- Work task -
Starting with the line that has "Other Designers Vintage" in the records below and ending with the line that has "HISTAR Fish Line-1", output those lines exactly and nothing more; omit the pictures.

- Records for the exercise -
● ● ●
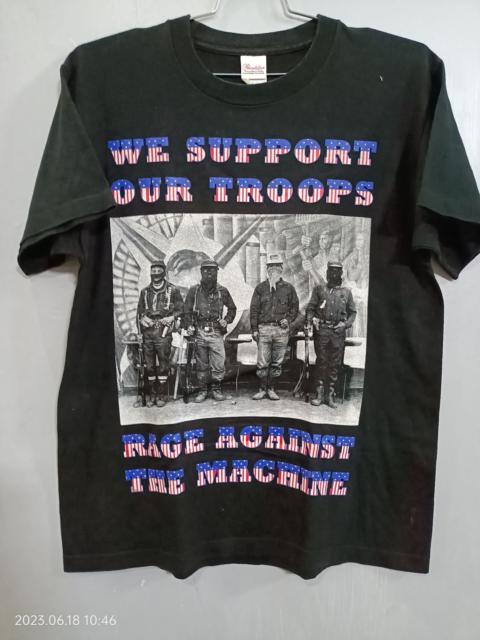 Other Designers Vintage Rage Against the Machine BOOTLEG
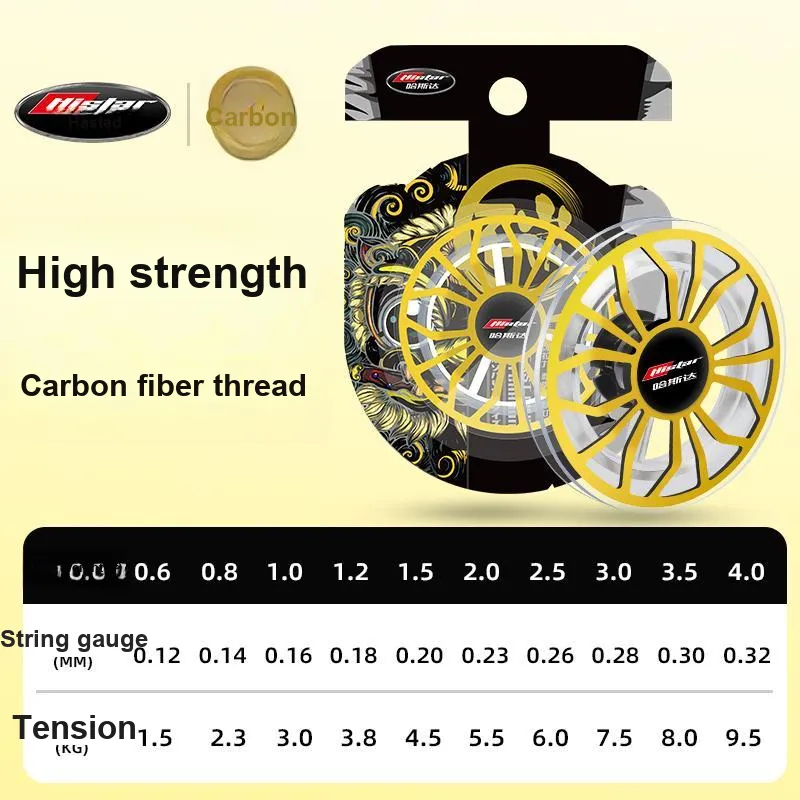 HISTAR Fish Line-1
● ● ●
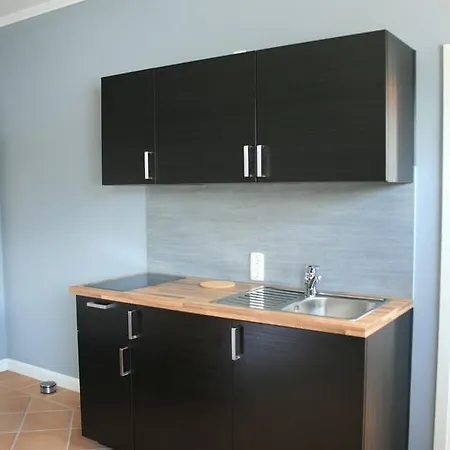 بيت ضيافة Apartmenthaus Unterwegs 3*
● ● ●
- Answer for this exercise -
 Other Designers Vintage Rage Against the Machine BOOTLEG
 HISTAR Fish Line-1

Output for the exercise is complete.